Pretoria - Striking mineworkers camping out at the Union Buildings have refused a plea by their unions’ representatives to convene tomorrow at Driefontein for a feedback on wage increase negotiations with Sibanye-Stillwater gold mine management.
Union leaders from both the National Union of Mineworkers (NUM) and the Association of Mineworkers and Construction Union (Amcu) met with workers following another round of talks facilitated by the Commission for Conciliation, Mediation and Arbitration (CCMA).
According to reports, the unions rejected the CCMA wage increase proposal of R700 a month in the first year, including an ex gratia R3 000 once-off payment. On the other hand, the mine management concurred with the proposal and had since upped the R700 to R800.
Union representatives were yesterday tight-lipped about the latest offer, but told the workers that they won’t sell them out.
They couldn’t budge to the workers’ call for the offer to be disclosed to those gathering at the Union Buildings.
Union leaders initially told workers that they preferred to make an announcement of the negotiations outcome “at home” in Driefontein, where the mine was located.
But, workers who have been staging a sit-in at the Union Buildings since May 19, flatly refused the proposal to leave until they got news that the employers had acceded their demand of a R1 000 increase.
In defusing tension among the workers, Amcu president Joseph Mathunjwa said it was better for colleagues on strike at Driefontein to come over to the Union Buildings tomorrow.
He said he wouldn’t like to see disunity be sown among the workers.
“I think that the venue should be changed from Driefontein to here tomorrow.

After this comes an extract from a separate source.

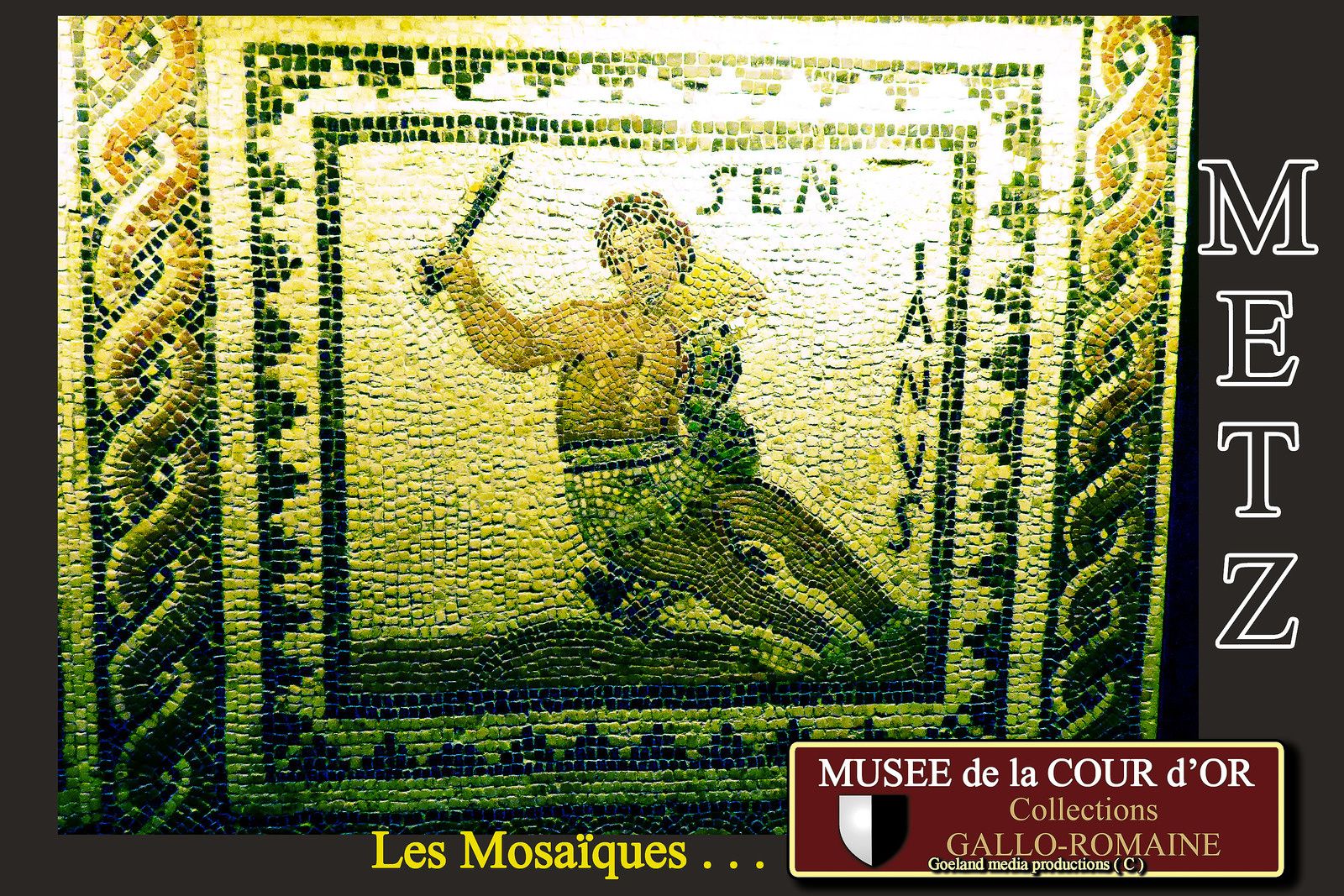 MOSAIQUE ( Metz ) - MUSEE de la COUR d'OR - collections Gallo-Romaines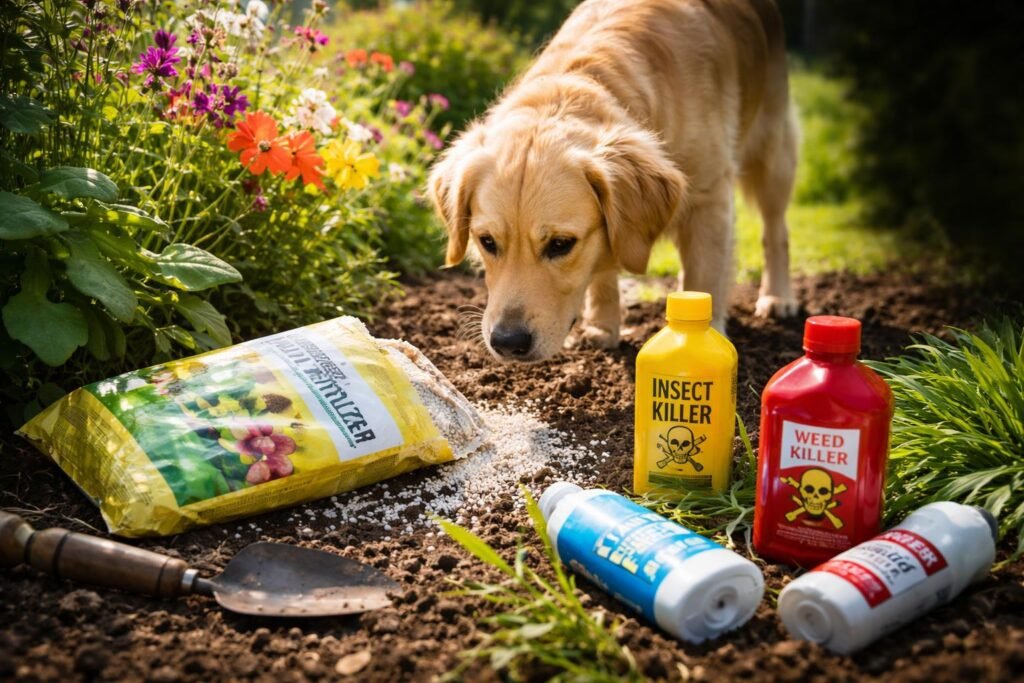 Veszélyek a kertben: Növények és tárgyak, amik ártalmasak lehetnek a kutyára Kerti vegyszerek és műtrágyák, amelyek veszélyesek lehetnek a kutyákra a kertben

Unity is costly. We have had a long journey so far and we would like our unity to be threatened by differences among us with other workers wanting to go and others remaining behind. That is going to damage our unity forever,” Mathunjwa said.
He said buses would be dispatched to fetch those at Driefontein to bring them to the Union Buildings, where workers have been demanding to be addressed by President Cyril Ramaphosa.
Lucky Motlhakola, co-ordinator of Amcu, told the Pretoria News that the union was unable to tell when the workers would disperse.
“Remember we don’t take decisions as leaders. The decisions are taken by the members of the unions. They are the owners of the organisation. We therefore will get the direction once we have addressed the workers and they will tell us what to do. It was not the decision of the union in the first place for workers to be here. They have taken the decision on their own that they would like to see the President,” Matlhakola said.
Regarding the offer presented by the employer, he said: “At the moment we can not divulge any information yet until we have addressed the workers. The workers must have privilege to this information whether it is good or bad. At the moment I can not say whether there was an offer or no offer.”
Workers have been on the protracted wage strike for the past four months.